To prepare our text data for classification, we need to perform some preprocessing steps such as tokenization, removing stopwords, and stemming. The nltk library provides various functions to perform these tasks.

import nltk
from nltk.tokenize import word_tokenize
from nltk.corpus import stopwords
from nltk.stem import PorterStemmer

def preprocess_text(text):
    # Tokenize the text
    tokens = word_tokenize(text.lower())
    
    # Remove stopwords
    stop_words = set(stopwords.words("english"))
    filtered_tokens = [token for token in tokens if token not in stop_words]
    
    # Stem the tokens
    stemmer = PorterStemmer()
    stemmed_tokens = [stemmer.stem(token) for token in filtered_tokens]
    
    return stemmed_tokens

Text Classification

Once our text data is preprocessed, we can proceed with the text classification task. To perform multiple label text classification, we can use binary relevance or classifier chains approach.

In the binary relevance approach, we train a separate binary classifier for each label independently. Each classifier predicts whether a document belongs to a particular label or not. We can use popular machine learning algorithms such as Naive Bayes, Support Vector Machines (SVM), or Random Forests for binary classification.

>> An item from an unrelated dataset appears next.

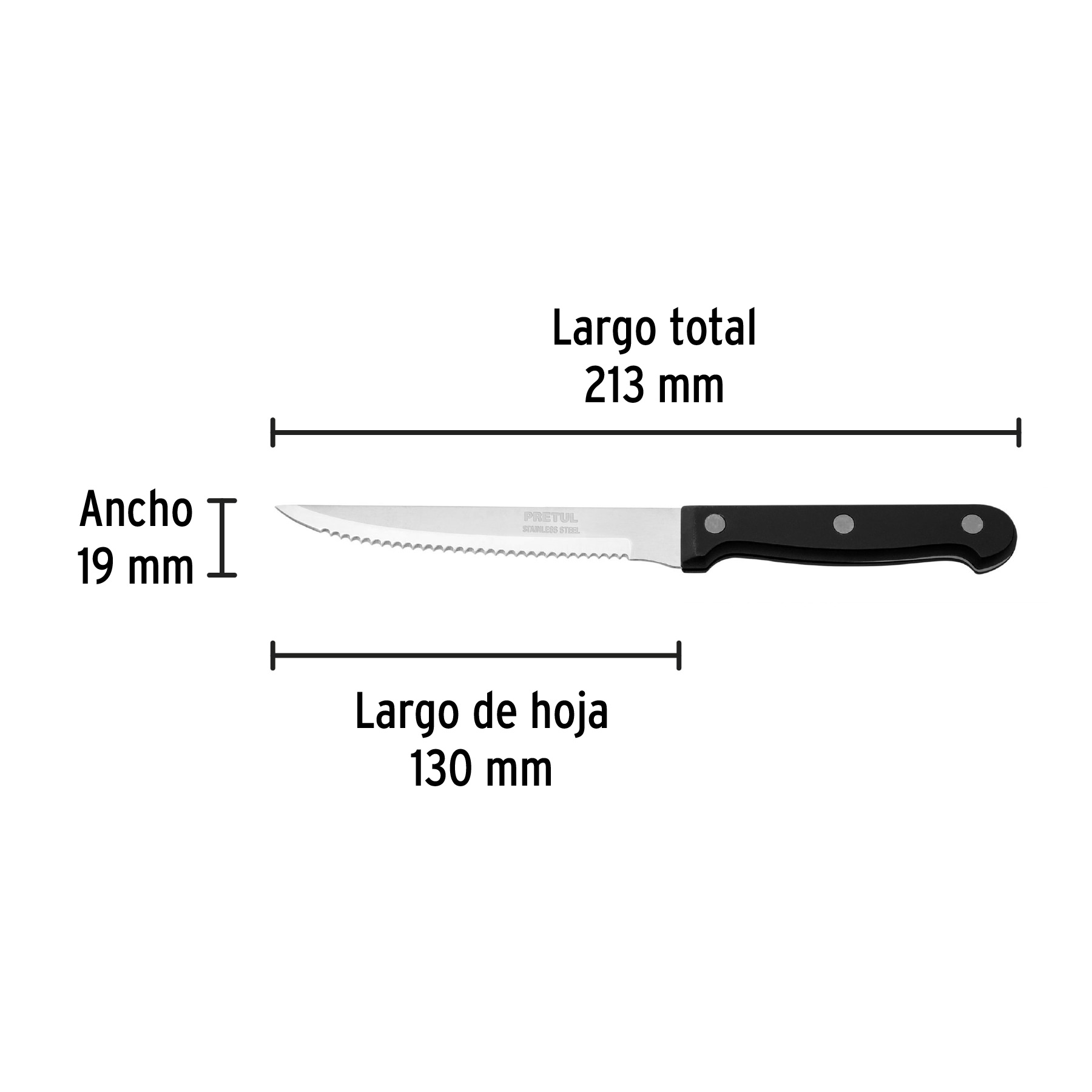 Ficha Tecnica Cuchillo con sierra para asado 5 mango de plástico, Pretul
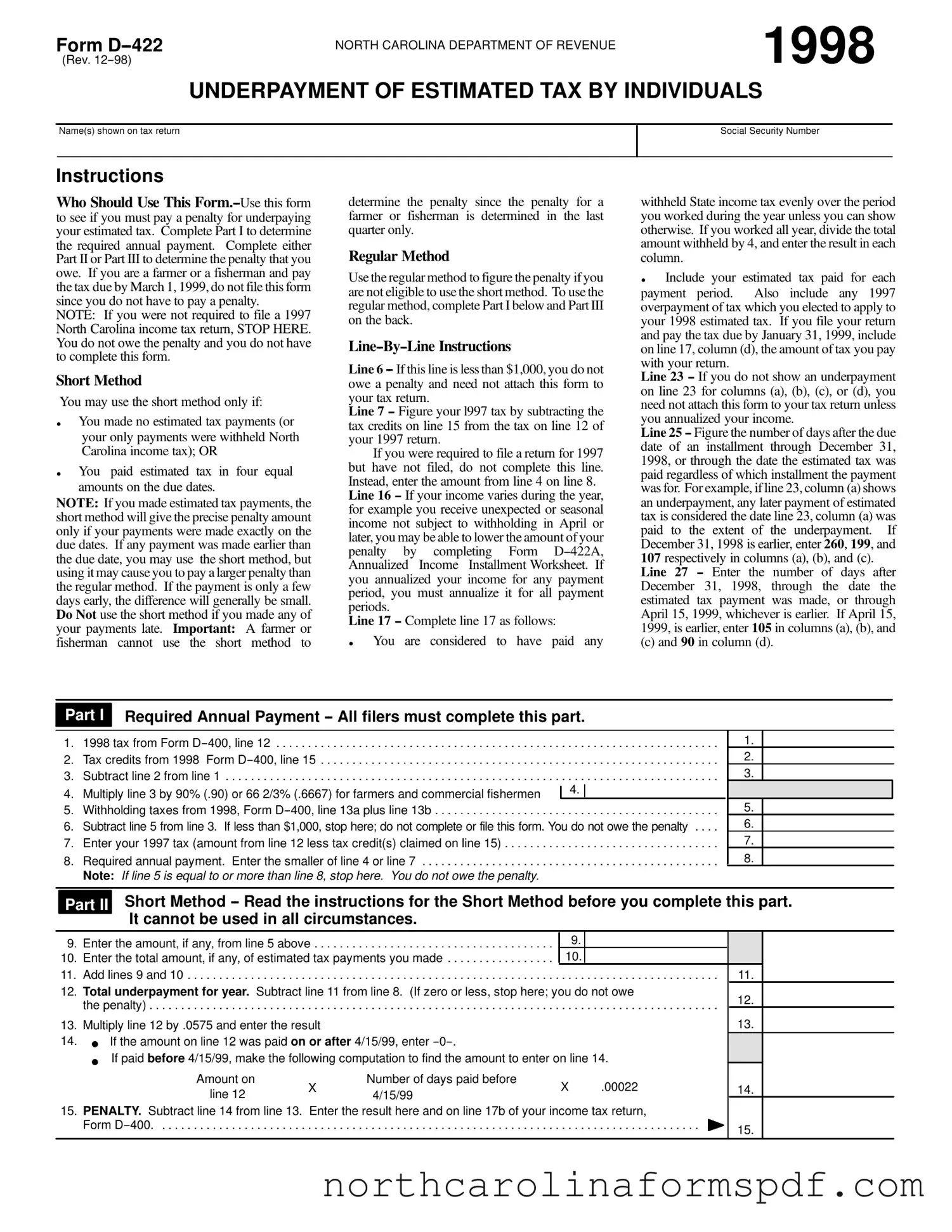 Fill a Valid D 422 North Carolina Form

from sklearn.pipeline import Pipeline
from sklearn.feature_extraction.text import TfidfVectorizer
from sklearn.multiclass import OneVsRestClassifier
from sklearn.svm import LinearSVC

# Initialize the classifier
classifier = Pipeline([
    ('tfidf', TfidfVectorizer(tokenizer=preprocess_text)),
    ('clf', OneVsRestClassifier(LinearSVC()))
])

# Train the classifier
classifier.fit(train_data, train_labels)

# Predict labels for new documents
predictions = classifier.predict(test_data)

Evaluation

To evaluate the performance of our text classification model, we can use metrics like accuracy, precision, recall, and F1-score. These metrics provide insights into how well our model is performing on the given test dataset.

from sklearn.metrics import accuracy_score, precision_score, recall_score, f1_score

# Calculate accuracy
accuracy = accuracy_score(test_labels, predictions)

# Calculate precision
precision = precision_score(test_labels, predictions, average='micro')

# Calculate recall
recall = recall_score(test_labels, predictions, average='micro')

# Calculate F1-score
f1 = f1_score(test_labels, predictions, average='micro')

Conclusion

The nltk library in Python offers powerful tools for performing multiple label text classification. By following the steps outlined in this blog post, you can preprocess your text data, train a text classification model using binary relevance or classifier chains, and evaluate its performance using various metrics.

Keep in mind that the success of your text classification task heavily depends on the quality of the labeled data and the preprocessing techniques used. Experiment with different algorithms and preprocessing steps to find the best combination for your specific use case.